Supplied data ->
════════════════
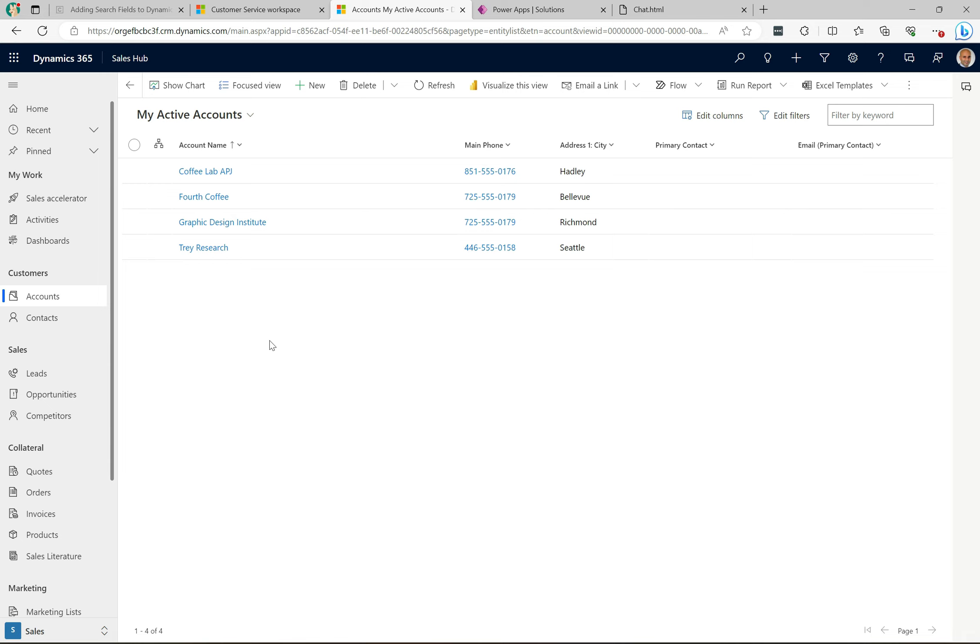What's up everyone, welcome to another episode of Power Platform TV. Today we're going to talk about searching in Dynamics 365, specifically searching in views.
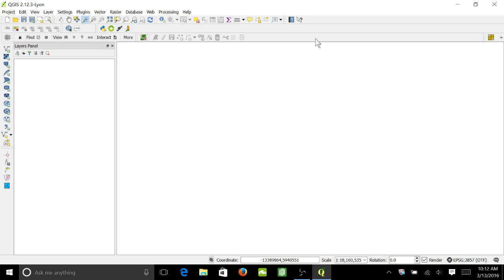Alright, today I'm going to show you how to load a base map through the OpenLayers plugin on QGIS.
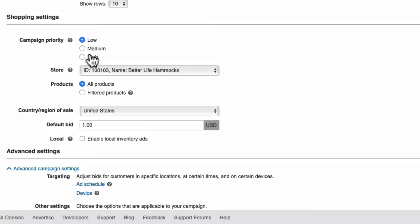For priority, I suggest medium to allow you to create additional campaigns of different priorities, but we'll cover advanced campaign structures in another session. Next, select your store.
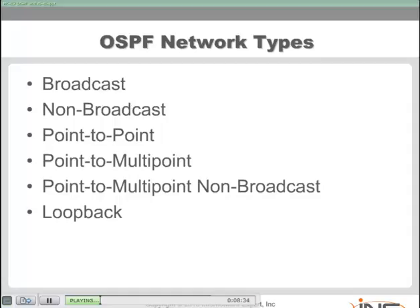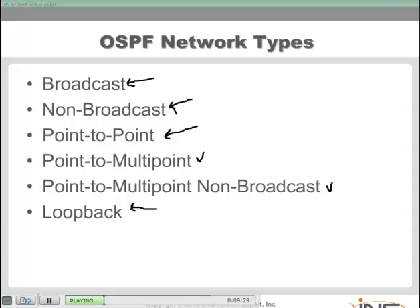OSPF does a good job of selecting the network type most appropriate for a given technology. If you set up OSPF on a broadcast-based Ethernet network, it defaults to the broadcast type. On a frame relay physical interface, it defaults to non-broadcast. On a point-to-point protocol serial link, it defaults to point-to-point. It will automatically set loopback on a loopback interface. Notice two that are never automatic: point-to-multipoint and point-to-multipoint non-broadcast — these are most appropriate for partial mesh or hub-and-spoke environments and must be manually configured.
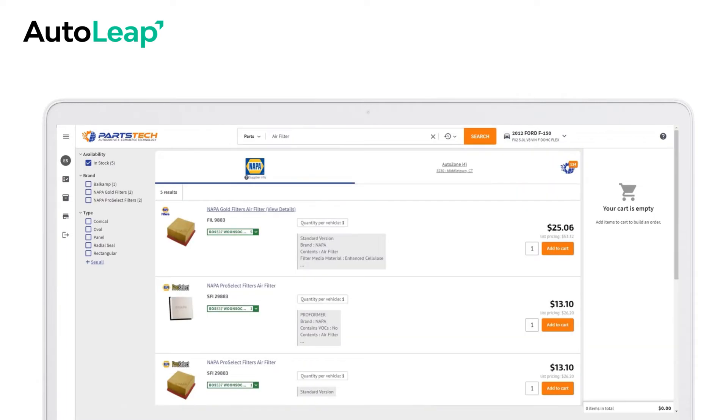Easily view what's available, the pricing, the quantity, and even filter the results by manufacturer.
════════════════
Work instruction -> Find the line with "Alright, today I'm" and the line with "For priority, I" in the records above. Copy both and all lines between them exactly, without pictures.

Solution to the exercise ->
Alright, today I'm going to show you how to load a base map through the OpenLayers plugin on QGIS.
For priority, I suggest medium to allow you to create additional campaigns of different priorities, but we'll cover advanced campaign structures in another session. Next, select your store.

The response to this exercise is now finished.